A primary election held by Hong Kong's democratic opposition may have been illegal under the new security law, China said Monday, in a statement that shows how far the goalposts have moved just two weeks after the sweeping legislation was imposed on the city.
More than 600,000 people took part in the vote over the weekend, designed to narrow down the number of pro-democracy candidates in September elections to the city's legislature. Similar efforts have been tried in previous years, but this was the most organized yet, as the opposition aims to seize a historic majority in spite of recent obstacles, not least the new security law.
Imposed by Beijing on the city on June 30, the legislation criminalizes secession, subversion, terrorism, and collusion with foreign forces. Officials previously said it will affect a tiny handful of Hong Kongers, while critics pointed to its broad scope and ill-defined offenses as reason for alarm.
In a statement late Monday, the Liaison Office, Beijing's top representative to Hong Kong, said the primary election contravened the law -- raising the possibility hundreds of thousands of people were now implicated in an offense.
"With the support of external forces, opposition groups and leaders have deliberately devised plans to hold this so-called 'primary election,' which is a serious provocation to the current electoral system and caused serious damage to the fairness and justice of the Legislative Council elections," the Liaison Office said.
The statement came after the Hong Kong government said it was "conducting an in-depth investigation" into the primary, and would "immediately refer the case to relevant law enforcement agencies" if there was any illegal activity.
One chief complaint of the government was organizers' stated goal of achieving a 35-seat parliamentary majority, allowing the opposition to block legislation and potentially force the resignation of Chief Executive Carrie Lam.
"If this so-called primary election's purpose is to achieve the ultimate goal of delivering what they called '35-plus' with the objective of objecting or resisting every policy initiative of the HKSAR government, it may fall into the category of subverting the state power -- one of the four types of offenses under the national security law," Lam said Monday.
The Liaison Office statement went further, accusing Benny Tai, the onetime leader of the 2014 pro-democracy Umbrella Movement and organizer of the primary, of scheming to "seize the governance of Hong Kong and stage a 'color revolution'."
"Who instructed (Tai) to openly manipulate the election in so high-profile a manner? Who gave him such confidence?" the statement added, without providing evidence or suggestion of who Tai was supposed to have colluded with.
Tai, who could not immediately be reached for comment, could face at least 10 years and up to life imprisonment if found guilty under the security law of colluding with a foreign power in "rigging or undermining an election."
Nor might he be the only person punished. Antony Dapiran, a Hong Kong-based lawyer and author of "City on Fire: The Fight for Hong Kong," predicted that after Beijing's statement declaring the primary illegal, the government may move to "disqualify all candidates selected through the primary process (maybe even all who ran in the primary)" from September's election.
Preliminary results from this weekend's primary appear to show many younger, protest-linked candidates ahead of traditional pro-democrats, after similar success in last year's local elections, in which a large number of first-time candidates were elected in a landslide defeat of pro-government parties.
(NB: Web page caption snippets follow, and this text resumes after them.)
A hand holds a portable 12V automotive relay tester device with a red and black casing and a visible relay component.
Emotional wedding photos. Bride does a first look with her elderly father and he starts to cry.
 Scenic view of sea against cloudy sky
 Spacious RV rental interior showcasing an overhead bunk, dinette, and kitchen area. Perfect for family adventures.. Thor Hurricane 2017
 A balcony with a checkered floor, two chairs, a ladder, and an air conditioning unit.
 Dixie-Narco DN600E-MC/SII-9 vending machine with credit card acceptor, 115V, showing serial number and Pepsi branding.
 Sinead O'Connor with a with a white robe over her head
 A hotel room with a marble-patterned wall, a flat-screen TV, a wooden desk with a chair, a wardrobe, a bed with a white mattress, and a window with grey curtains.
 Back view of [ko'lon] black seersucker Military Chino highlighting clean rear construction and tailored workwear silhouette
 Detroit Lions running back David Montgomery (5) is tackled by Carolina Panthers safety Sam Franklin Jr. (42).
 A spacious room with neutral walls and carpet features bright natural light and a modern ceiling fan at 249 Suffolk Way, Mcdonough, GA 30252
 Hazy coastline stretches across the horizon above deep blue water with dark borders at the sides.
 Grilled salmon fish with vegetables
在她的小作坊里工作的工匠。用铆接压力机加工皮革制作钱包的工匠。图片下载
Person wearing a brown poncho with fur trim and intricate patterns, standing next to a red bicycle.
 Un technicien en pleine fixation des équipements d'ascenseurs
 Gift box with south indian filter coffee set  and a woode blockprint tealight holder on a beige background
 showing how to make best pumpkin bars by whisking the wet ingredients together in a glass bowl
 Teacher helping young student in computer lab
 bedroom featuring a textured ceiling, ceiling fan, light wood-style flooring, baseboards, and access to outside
Tai said the turnout showed that "Hong Kong people have demonstrated to the world, and also to the authorities, that we have not given up to strive for democracy."
Beijing's assertion that the primary undermines September's vote creates a bar that few democracies could clear. Primary vote are regularly held to narrow down candidates for a general election, nor do they always involve members of one party: Bernie Sanders, who won the second-most votes in the United States Democratic Party presidential primary, is an independent.
In many democracies, parties go even further in seeking to avoid splitting the vote. During last year's general election in the United Kingdom, multiple anti-Brexit parties formed an election pact, choosing not to field candidates in seats where that might have resulted in a pro-Brexit party winning.
"Elections are a very serious and solemn matter in every jurisdiction," Lam said this week. "People have to uphold their right to be able to cast a vote in an election which is open, fair and honest."
Mainland China does not have free and fair elections, or mass votes of any kind. In Hong Kong, this year's legislative election was seen as perhaps the final chance for the democratic opposition to win any significant power.
Before the security law was passed, multiple candidates had already been barred from standing and lawmakers removed from parliament. Officials had also suggested that anyone who campaigned against or criticized the security law could face being struck off the ballot.
In the hours after it became law, multiple political parties disbanded -- including one founded by prominent activist Joshua Wong. Other groups, particularly pro-independence parties, moved their operations overseas, for fear of arrest.
CORRECTION: This story has been corrected to reflect that Beijing imposed the new national security law on June 30.